Powell v. Rousseau

94 A. 867 | R.I. | 1915

This is an action of the case brought to recover damages for the death of the plaintiffs' minor daughter; which death is alleged to have been caused by the wrongful act and neglect of the defendants.

The case was tried before a justice of the Superior Court sitting with a jury and resulted in a verdict for the plaintiffs for two thousand dollars. At the conclusion of the plaintiffs' testimony the plaintiffs were nonsuited by said justice as to the defendant, Henry Rousseau. No exception was taken to this ruling and the case proceeded against J. Bouvier Rousseau as the sole defendant. After verdict the defendant duly filed a motion for a new trial. In his decision on said motion the justice presiding refused to disturb the verdict upon the question of liability, but held that the damages awarded were excessive, and granted a new trial unless the plaintiffs would remit all of said verdict in excess of thirteen hundred dollars. To this decision the plaintiffs excepted; and have brought said exception to this court. The defendant also excepted to said decision and has brought to this court said exception and other exceptions taken by him during the trial.

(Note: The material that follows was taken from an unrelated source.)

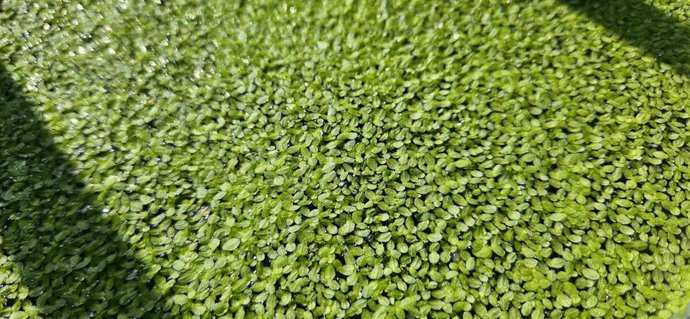 Cultivo de lenteja de agua.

Upon the question of liability the evidence was conflicting; the jury found for the plaintiffs; and that finding has been approved by said justice. After an examination of the *296 evidence and the briefs of counsel, supplemented by the very thorough analysis of the testimony in the oral argument of counsel, we find no sufficient reason for setting aside the verdict in that regard.

The defendant excepted to the refusal of said justice to charge the jury as follows: "You are further charged that if you come to the question of damages, the only question for you to determine in a case of this kind is what would have been the pecuniary value of the child's services from the time of the accident which resulted in its death to the time when it would have reached the age of majority had the injury not been sustained, less the child's proper support and maintenance, and that after the net result is reached in this way it is necessary to reduce this net result to its present value."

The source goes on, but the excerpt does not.